Princetown Wetlands and Estuary Preservation Inc and Kangaroobie combined to take the case to the Victorian Civil and Administrative Tribunal (VCAT) after Corangamite Shire approved the $9-million project in December last year.
The VCAT hearing resulted in what the wetlands group is calling “significant changes” to planning conditions, while the site’s developer said he was grateful for the “good faith negotiations” that led to the amended planning permit.
Princetown Wetlands and Estuary Preservation Inc secretary Mara Pacers said the conditions would ensure more detailed assessments of the site would be made, as well as continued public access to the recreation reserve and jetty.
“The conditions on the permit now ensure that many of the threats and impacts identified in the over 150 submissions to the planning department must be addressed prior to the development starting,” she said.
Ms Pacers said the wetland group, which united to fund the legal challenge, remained frustrated that the permit was unable to be challenged further due to planning policy they say is designed to favour “chasing the tourism dollar”.
“As a result, we are left with a permit to build a development on a site that has always been deemed inappropriate for development, that results in the risks of building on the flood plain and threatens the water table used for town water for Princetown, and the loss of the environmental values of the wetland and estuary,” she said.

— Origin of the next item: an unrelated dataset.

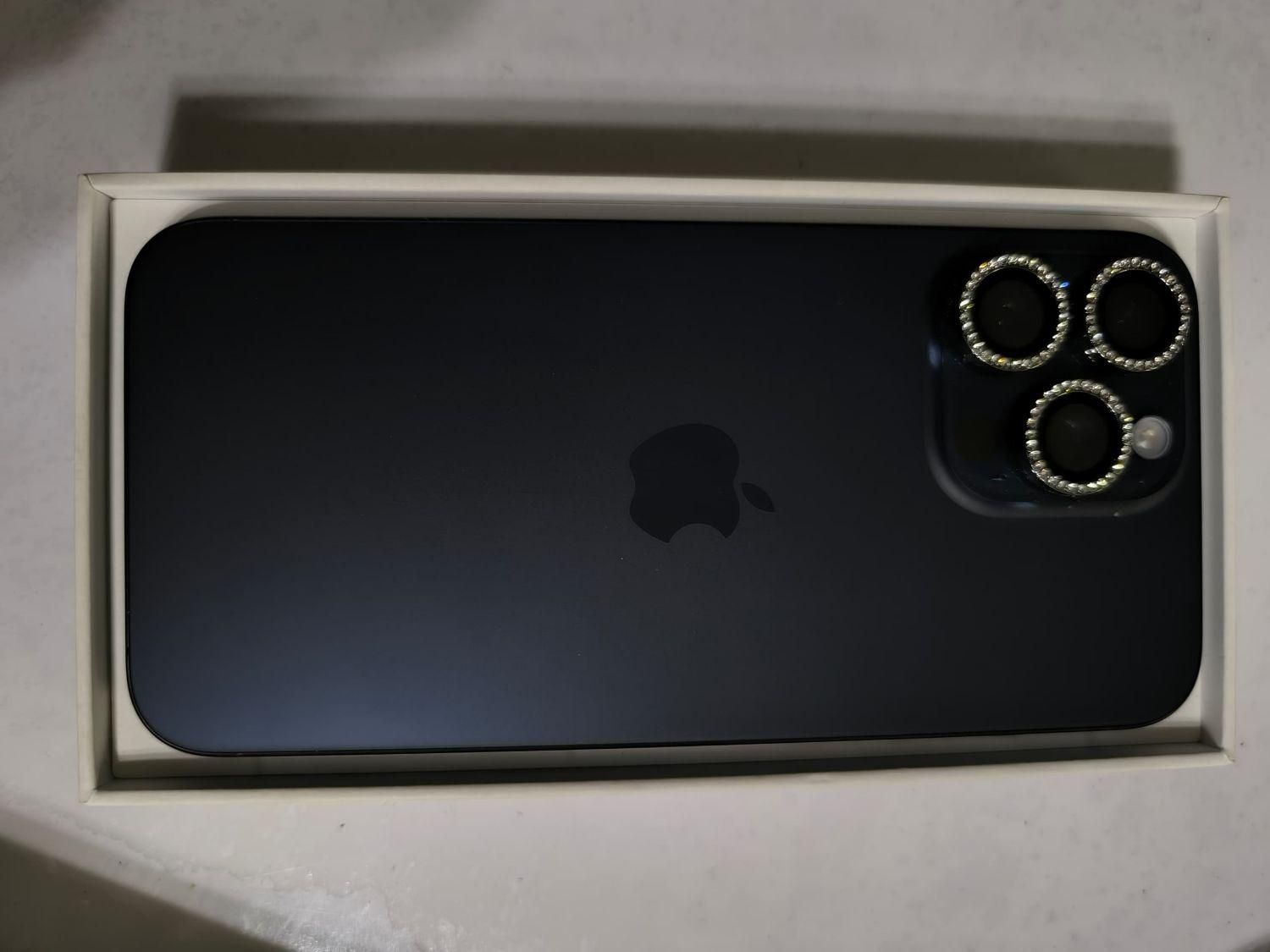 اپل iPhone 15 Pro Max با حافظهٔ ۲۵۶ گیگابایت|موبایل|خرم‌آباد, |دیوار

Montarosa director Gavin Ronan said the development, which includes a 20-room lodge, 20 cabins, restaurant, car parking, boat shed, and viewing structure, would encourage further tourism growth in the area.
“As the first private project inspired by the Shipwreck Coast Masterplan, this outcome adds weight to further public and private investment in the region,” he said.
“We are now working through permit conditions that need to be met before construction begins, and we look forward to making further announcements in due course.”
Mr Ronan said the amended planning permit helped provide more detail.
“These amendments have improved visual amenity and more explicitly detailed the environmental checks and balances for the development – which align with our existing objectives – whilst maintaining the uses proposed,” he said.